In this connection, the Petitioners alleged that the Respondents “arm-twisted the Petitioners to give up their intellectual property rights and cede their passwords to research and innovation” and that “the contracts of employment do not entitle KEMRI to the intellectual property of the Petitioners and the appropriation outlined is unlawful.”

The Respondents flatly denied these allegations arguing that there was not an iota of evidence before the court to substantiate the petitioners’ claims.

In its determination, the learned court noted that whereas KEMRI as an employer is a public institution, the funding under the KEMRI Wellcome Trust Research Programme emaned from external donors. These external donors attached specific terms and conditions to the grant and administration of the Wellcome Trust Research Programme which terms and conditions became subject of grievances by the Petitioners. However the Court found in favour of the Petitioners and stated thus at paragraph 82:

“The 1st Respondent as a state employer is bound by the Constitution to protect the right of the Petitioner and not allow a policy that appropriates their intellectual property as has been ably demonstrated by the Petitioners herein contrary to Article 40(1) of the Constitution.”
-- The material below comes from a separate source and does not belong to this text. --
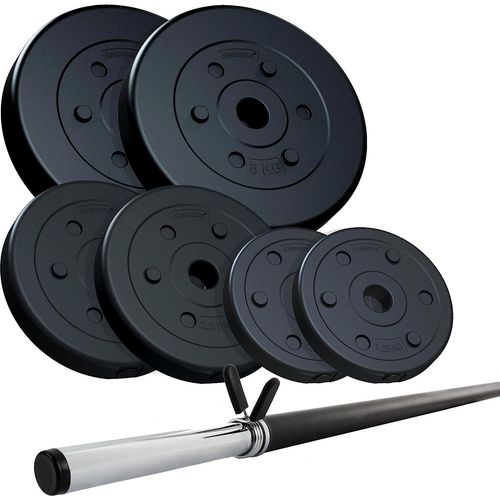 Scsports® Jeu D'haltères - 20 Kg, Poids 2x1,25/2x2,5/2x5 Kg, Plaques En Plastique, Barre En Chrome - Ensemble D'haltères Longues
Therefore the court ordered that each of the Petitioners is entitled to compensation for the said constitutional violation in the sum of KES 5 Million within thirty days of the judgment date, including interest at Court rates from the judgment date to payment in full. Further the court ordered that the Petitioners are entitled to access all the outcomes of their scientific research and to the credit and benefit attached to the outcomes under Articles 35 and 40 of the Constitution. KEMRI was also ordered to pay the costs of the Petition.


From the above, it is submitted that the petitioner’s case for scientific misconduct and denial of intellectual property (IP) rights by KEMRI raises a number of important issues. Furthermore, the learned court’s determination that the petitioner had ably made a case for infringement of the constitutional right to property under Article 40 is quite significant as it reinforces a dangerous precedent set by the Court of Appeal on constitutional enforcement of IP rights.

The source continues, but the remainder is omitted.